Information supplied:

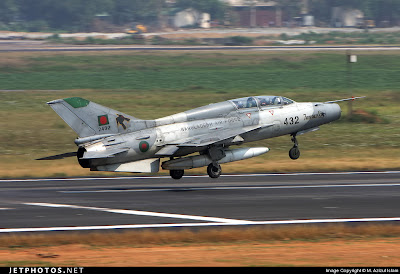 صور من جميع انحاء العالم للقوات الجوية مجهولة بعض الشئ  FT-7B+Airguard++2432%252C432++++Dhaka++++13-3-11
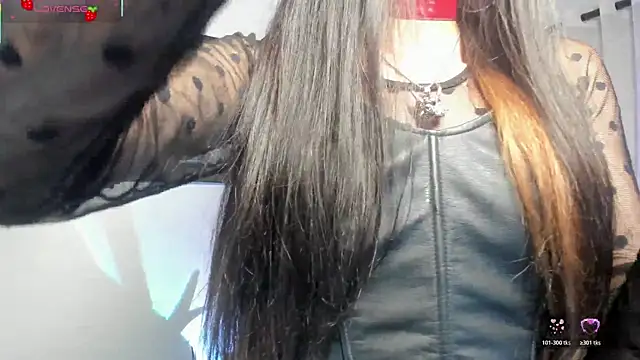 Snapshot of Laila_Angels chatting on 05-14-26, 02:18 Laila Angels online show from 05-14-26, 02:18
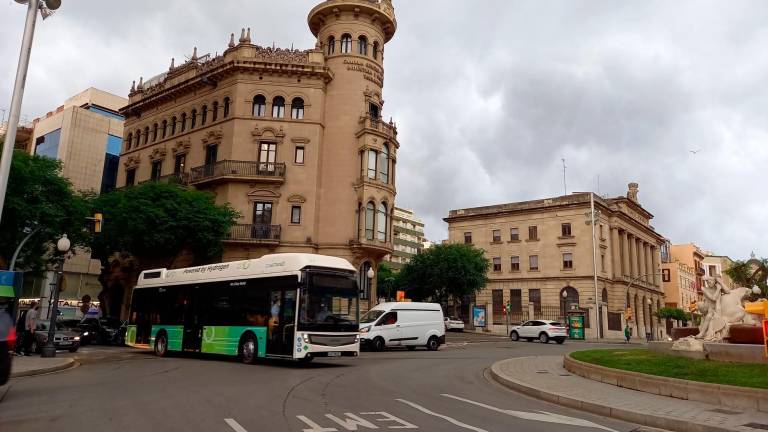 Un bus impulsado por hidrógeno circulando recientemente por la ciudad de Tarragona. FOTO: cedida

Task directions: Please print the data above in its entirety, exactly, but without any picture.

Exercise answer:
 صور من جميع انحاء العالم للقوات الجوية مجهولة بعض الشئ  FT-7B+Airguard++2432%252C432++++Dhaka++++13-3-11
 Snapshot of Laila_Angels chatting on 05-14-26, 02:18 Laila Angels online show from 05-14-26, 02:18
 Un bus impulsado por hidrógeno circulando recientemente por la ciudad de Tarragona. FOTO: cedida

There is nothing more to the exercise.